▶ _DATA SEGMENT_
--------------------------------

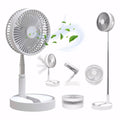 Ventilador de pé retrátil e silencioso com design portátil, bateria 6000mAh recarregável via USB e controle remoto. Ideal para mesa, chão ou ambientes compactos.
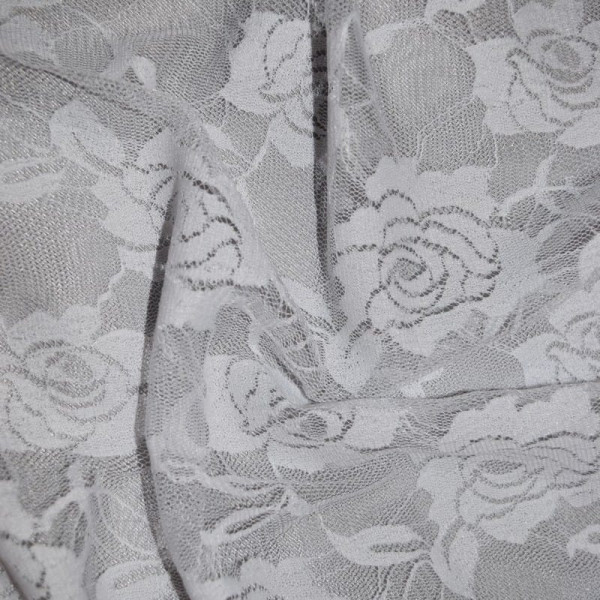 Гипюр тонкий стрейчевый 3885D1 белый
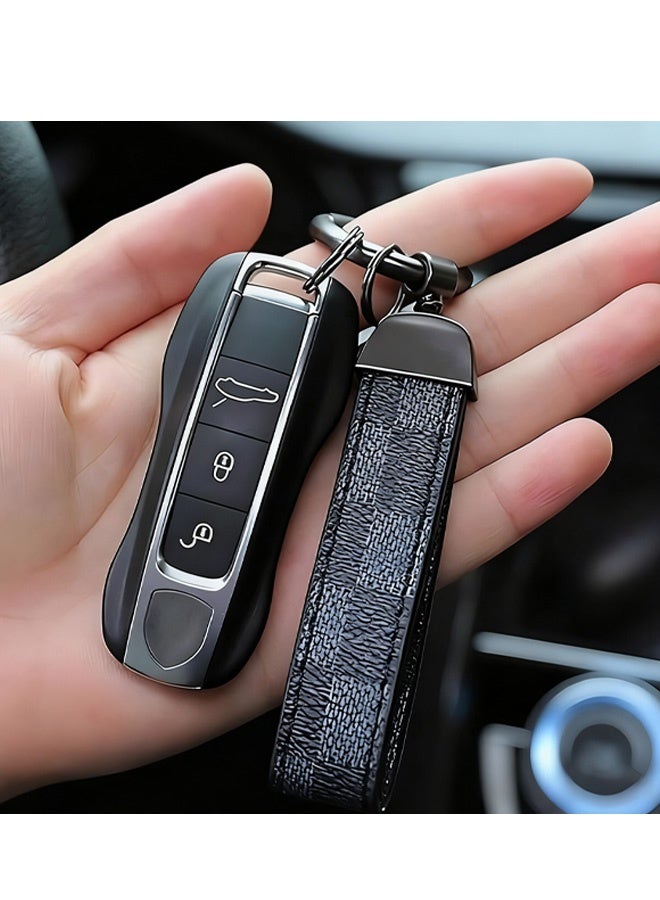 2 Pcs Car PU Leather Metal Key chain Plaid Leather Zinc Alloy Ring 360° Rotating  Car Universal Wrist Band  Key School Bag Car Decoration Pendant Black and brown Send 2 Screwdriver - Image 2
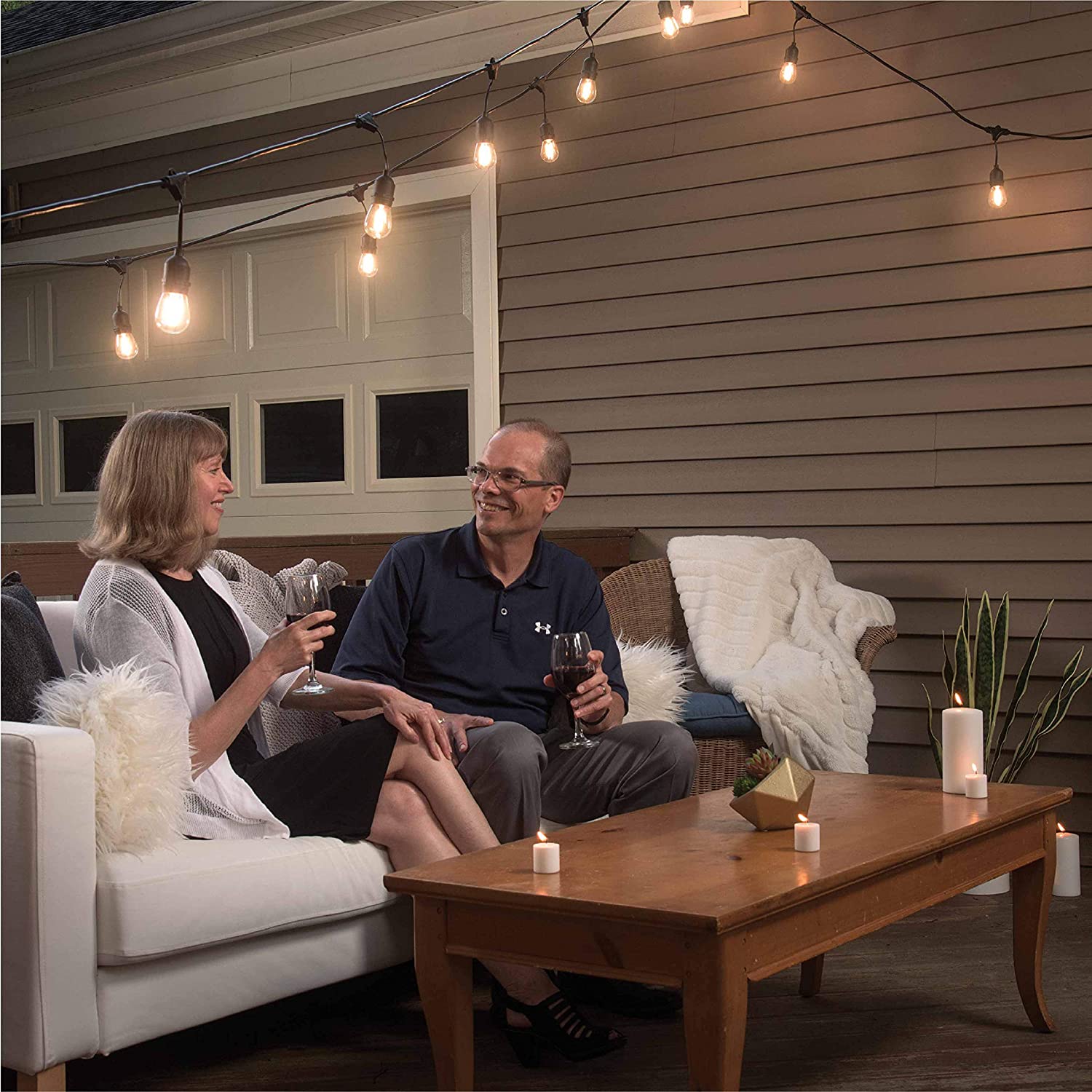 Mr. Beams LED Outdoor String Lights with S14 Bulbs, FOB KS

--------------------------------

▶ _WHAT IS NEEDED_
Set down the material exactly, every line of it, except for the pictures.

▶ _ANSWER TO THIS PROBLEM_
 Ventilador de pé retrátil e silencioso com design portátil, bateria 6000mAh recarregável via USB e controle remoto. Ideal para mesa, chão ou ambientes compactos.
 Гипюр тонкий стрейчевый 3885D1 белый
 2 Pcs Car PU Leather Metal Key chain Plaid Leather Zinc Alloy Ring 360° Rotating  Car Universal Wrist Band  Key School Bag Car Decoration Pendant Black and brown Send 2 Screwdriver - Image 2
 Mr. Beams LED Outdoor String Lights with S14 Bulbs, FOB KS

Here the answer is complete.